Group Claims Vacancies at National Weather Service Endanger the Public

Science and operations officer Christopher Buonanno monitors data at the National Weather Service Warning and Forecast Office in North Little Rock, Ark. Science and operations officer Christopher Buonanno monitors data at the National Weather Service Warning and Forecast Office in North Little Rock, Ark. Danny Johnston/AP File Photo

The National Weather Service is not filling hundreds of open positions despite having the funds to do so, an employee group has said, though the agency disputes the claim.

The NWS Employees Organization called the vacancies “unnecessary and dangerous,” saying the agency was “flush” with $125 million in surplus funding, pointing to information it uncovered at an arbitration hearing earlier this month.

Most of the money, NWSEO said, would require a “routine” reprogramming request, though $10 million was ready for immediate expenditure on hiring. NWS, which implemented a hiring freeze on March 27, 2013, after the Mar. 1 start of sequestration, has 451 vacancies.

In addition to the failure to hire “hundreds of hurricane, tornado and fire weather forecaster vacancies across the country,” the employee organization said NWS, “needlessly terminated training, travel and conference attendance, and delayed maintenance when funds were available.”

For its part, NWS said the alleged surplus is simply the result of its ability to carry over funding into the new fiscal year.

“There is no surplus,” said Chris Vaccaro, an NWS spokesman. “Our funds cover two years and the balance is the obligation in the remaining year,” adding, “our budget process is open and transparent and we're continuing to communicate, within the agency and out, how and when these dedicated funds will be spent.”

Vaccaro said NWS obligated more than 98 percent of its funding in fiscal 2013 in one of its accounts, and more than 99 percent in its other account.

“Executing at a higher rate could have put needed overtime and emergency travel funds at risk at the end of the fiscal year,” he said.  

Dan Sobien, NWSEO’s president, disagreed with this argument.

“If they were saving the money for this year, why are they not filling vacancies?” Sobien said. “We are four months into this fiscal year and they have the [fiscal 2014] appropriation, and Congress has been quite generous to them.”

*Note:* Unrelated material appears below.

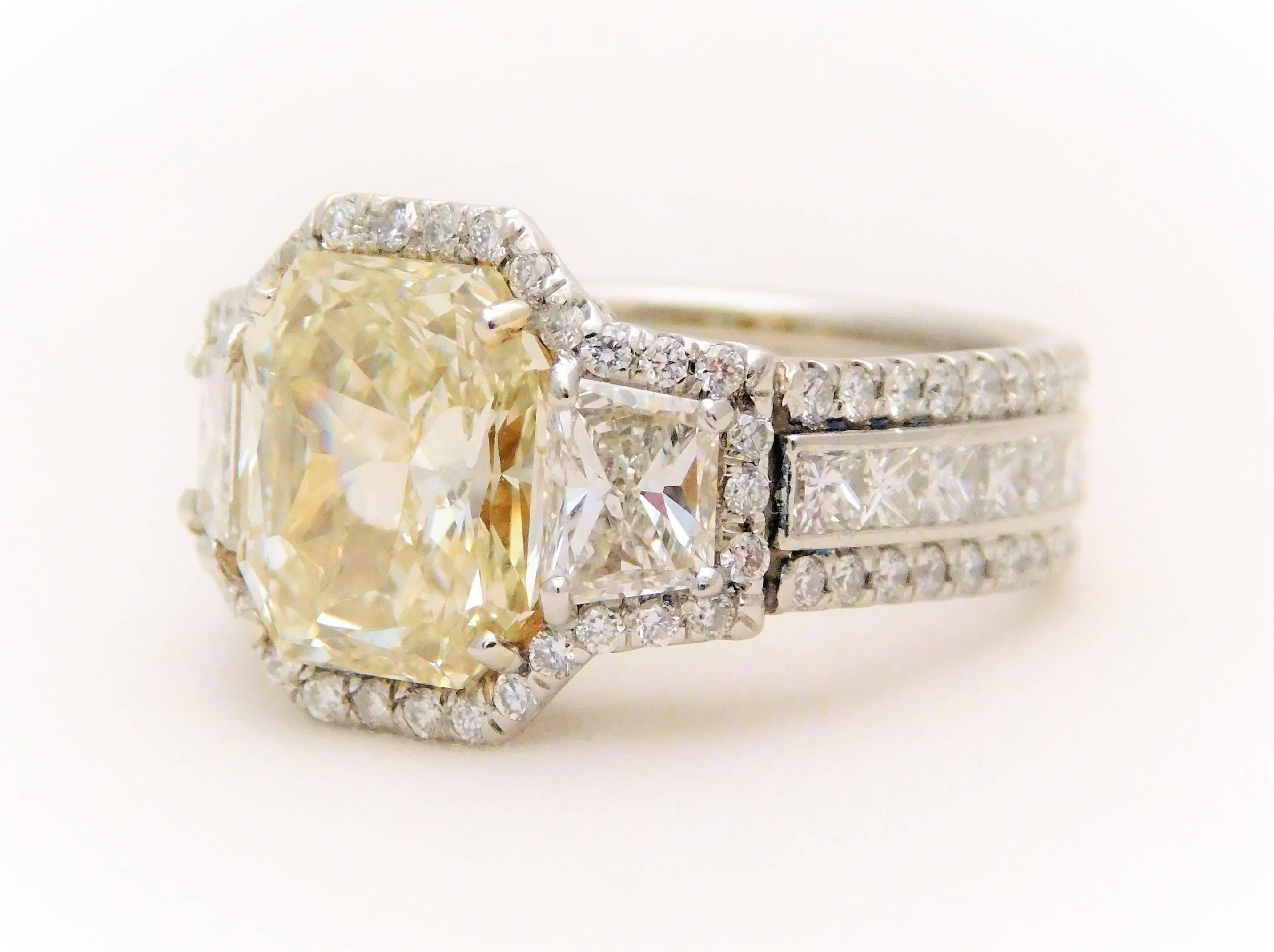 GIA Certified 7.57 Carat Handmade Radiant Cut Canary Yellow Diamond Ring In New Condition For Sale In Metairie, LA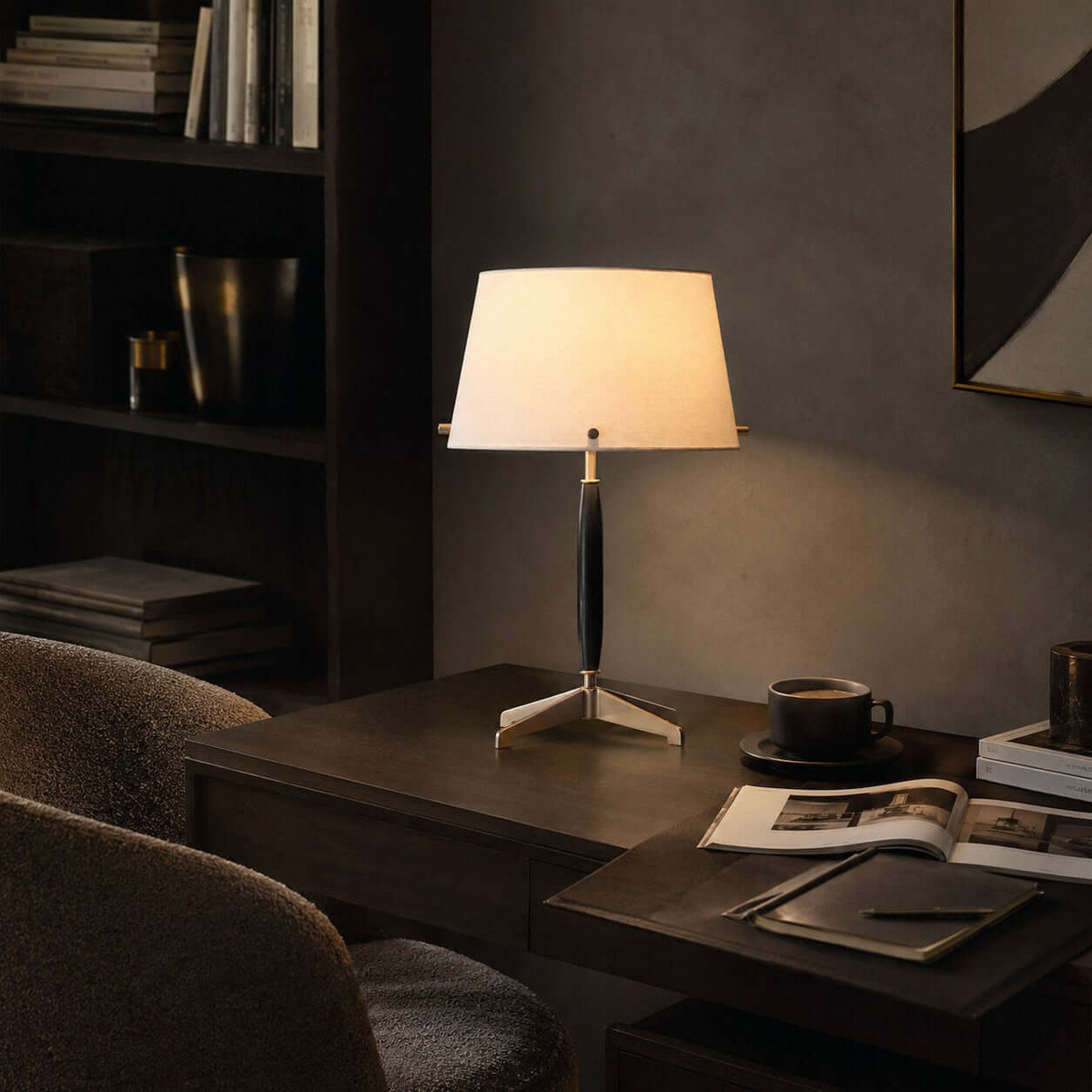 A Clérachic table lamp on a dark desk beside a coffee cup and an open magazine, with a boucle chair and shelves behind.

UPDATE: NWS responded that it has not yet received the fiscal 2014 funds it was allocated in the recent appropriations bill, and to this point the agency has been operating at sequestration levels. It also denied that it could simply use its leftover funds to pay for new employees. “NWS spent what it could given the constraints and uncertainty of the sequestration and late receipt of funding in the fiscal year,” Vaccaro said. “The vast majority of the carryover is in budget accounts that cannot be spent to fill field vacancies and have specific appropriation intent that NWS continues to carry out in FY14.”